◆ **What the exercise asks**: Copy from the first line below down to and including the line with "Private kitchen 5, Isoria". Skip the pictures.

-- Opening Marker --

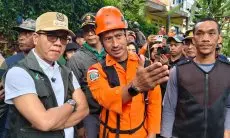 Bupati Dadang Tinjau Lokasi Bencana Longsor di Kampung Condong Arjasari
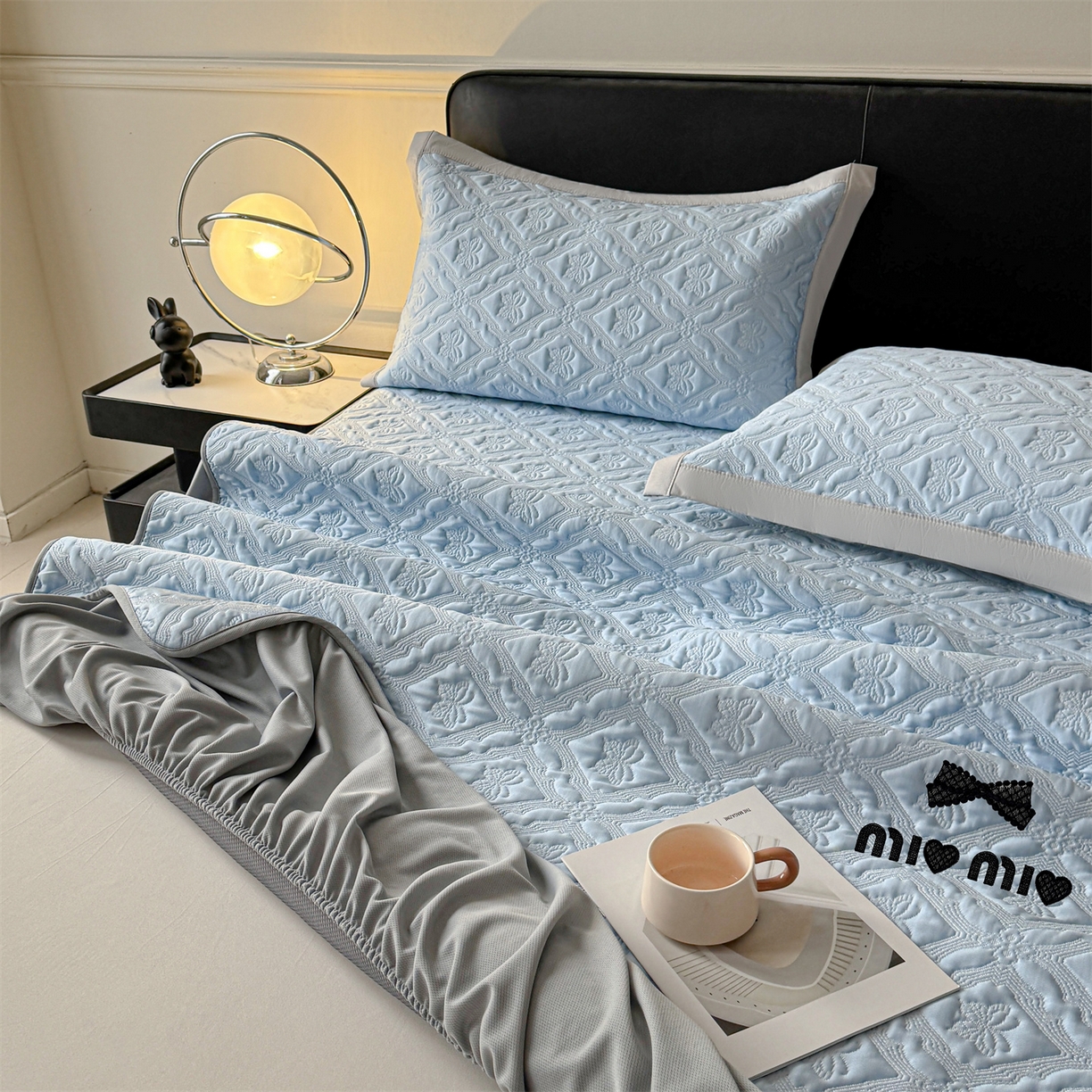 91家纺网 家纺一手货源 找家纺 玉相逢 2026新款刺绣实拍爆款凉豆豆凉席100%PE乙伦绣花可水洗床席席子-床笠款 蝶韵 冰雾蓝-床笠款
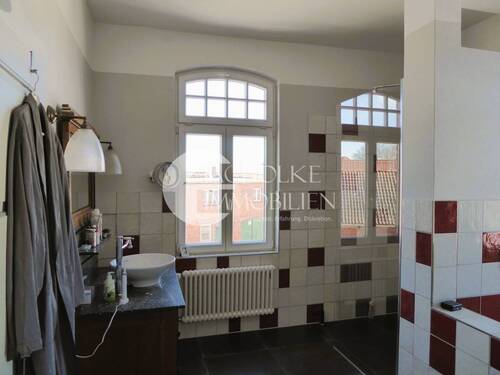 303.Haus_Gästzimmer_Bad1 - 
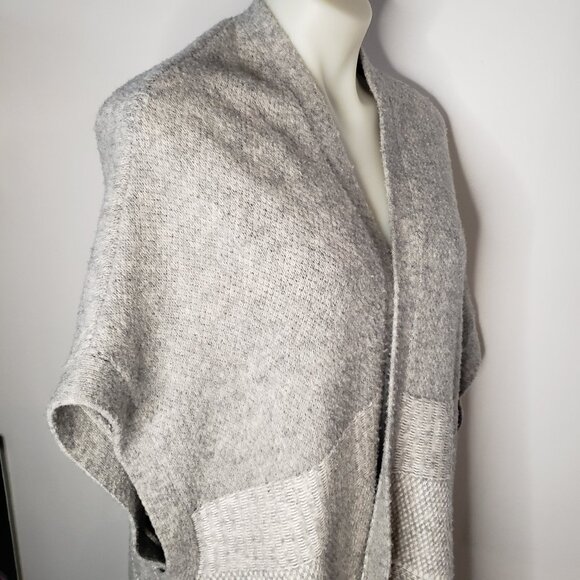 Cozy Soft Grey Banana Republic Sweater Wrap Cardigan Style Snug - Picture 2 of 16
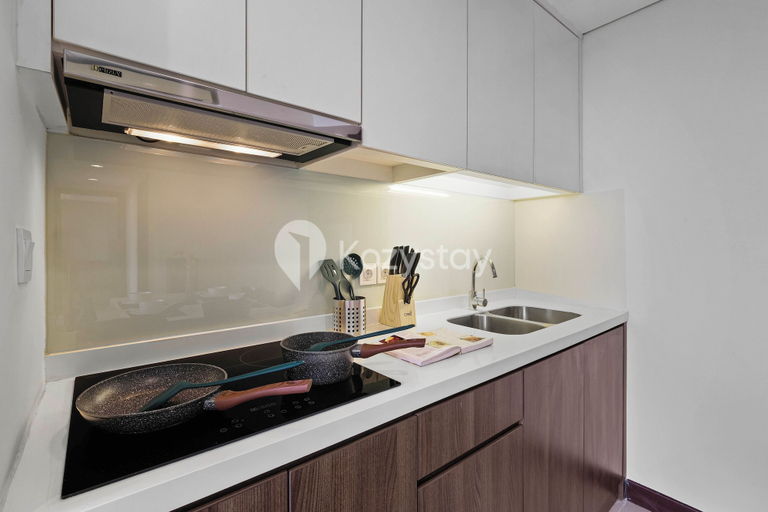 Private kitchen 5, Isoria by Kozystay - Pondok Indah, Jakarta Selatan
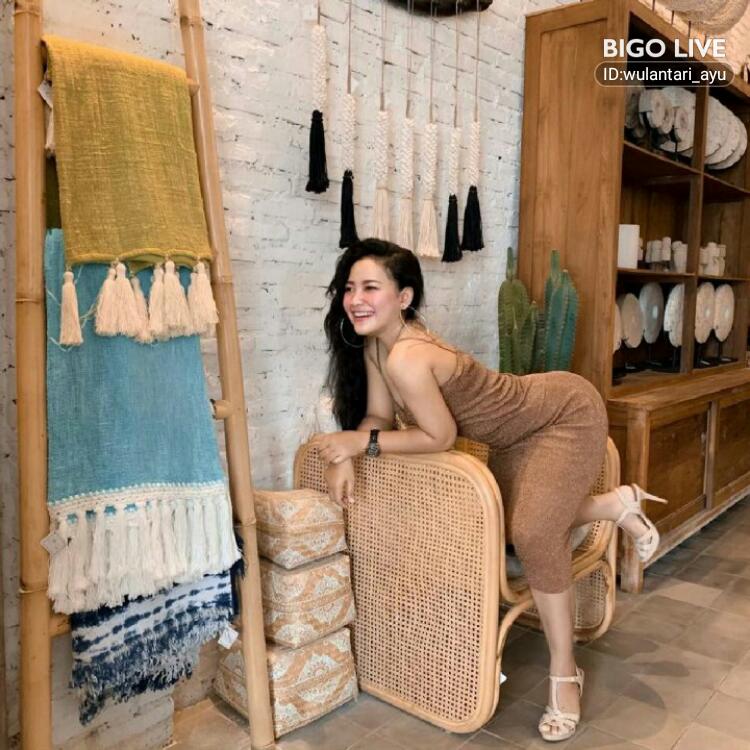 putalonaFC's tweet photo. Masuk dan nonton LIVE ˢᵍʳ🍬 Wulan di #BIGOLIVE: masuk dlulah😔😳  
https://t.co/appJZPUepa https://t.co/cfkPdCUgmB
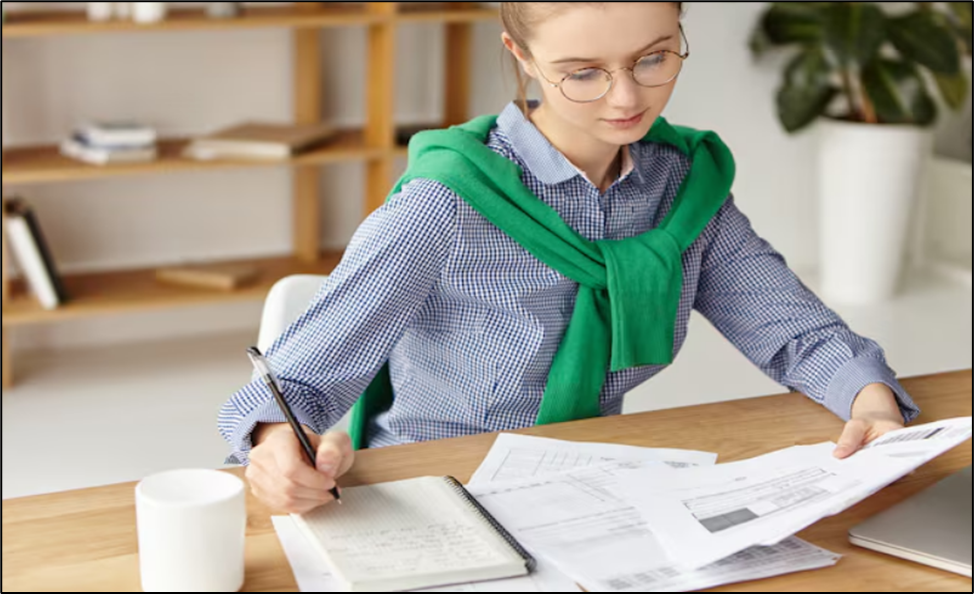 Student researching an Ireland college assignment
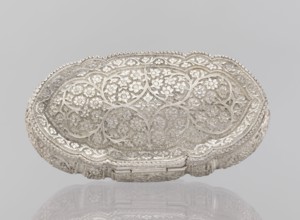 Box with lid; maker, plant ornament; Indian; 19th–20th century; India; dimensions: height 4.5 cm,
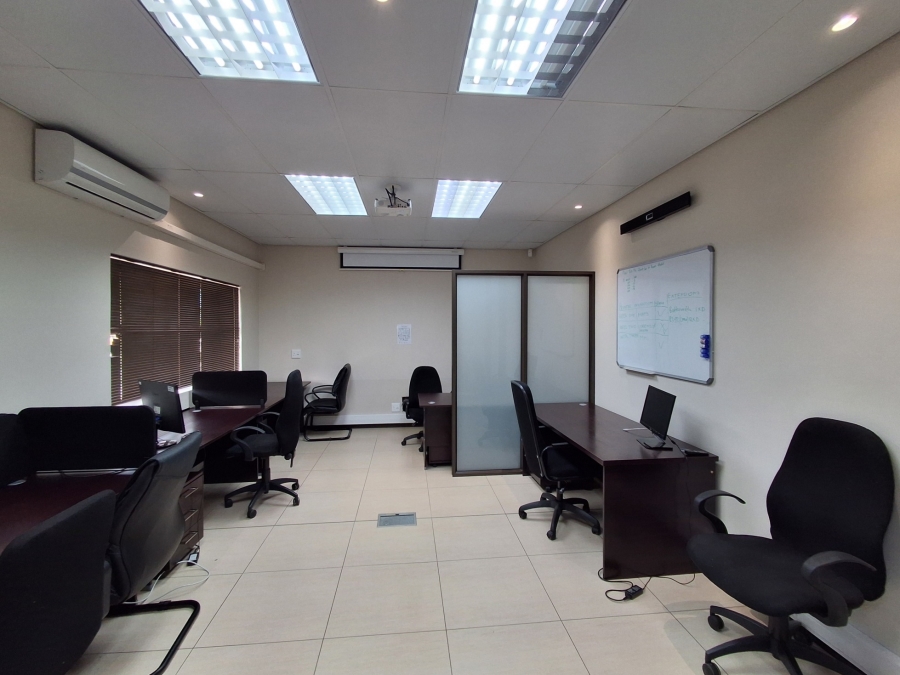 To Let Commercial Property for Rent in Nahoon Eastern Cape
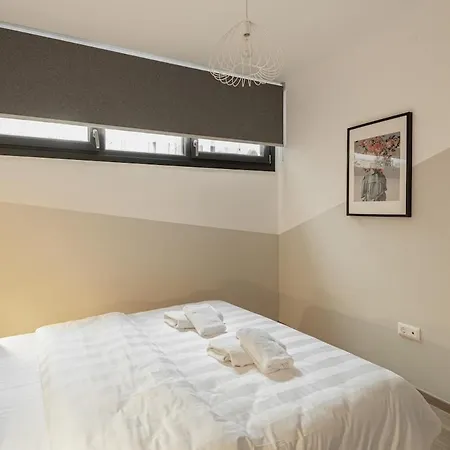Апартаменты Innovative 2-br Futuristic Flat In Ladadika *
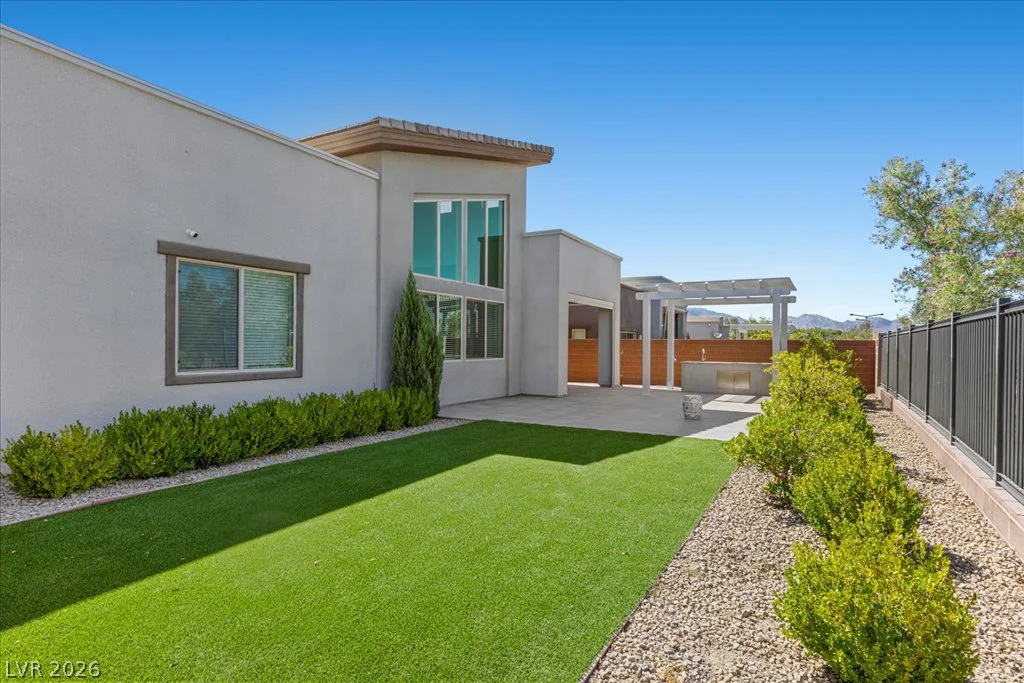6184 Willow Rock, Las Vegas, NV 89135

-- Closing Marker --

◆ **Exercise response**:
 Bupati Dadang Tinjau Lokasi Bencana Longsor di Kampung Condong Arjasari
 91家纺网 家纺一手货源 找家纺 玉相逢 2026新款刺绣实拍爆款凉豆豆凉席100%PE乙伦绣花可水洗床席席子-床笠款 蝶韵 冰雾蓝-床笠款
 303.Haus_Gästzimmer_Bad1 - 
 Cozy Soft Grey Banana Republic Sweater Wrap Cardigan Style Snug - Picture 2 of 16
 Private kitchen 5, Isoria by Kozystay - Pondok Indah, Jakarta Selatan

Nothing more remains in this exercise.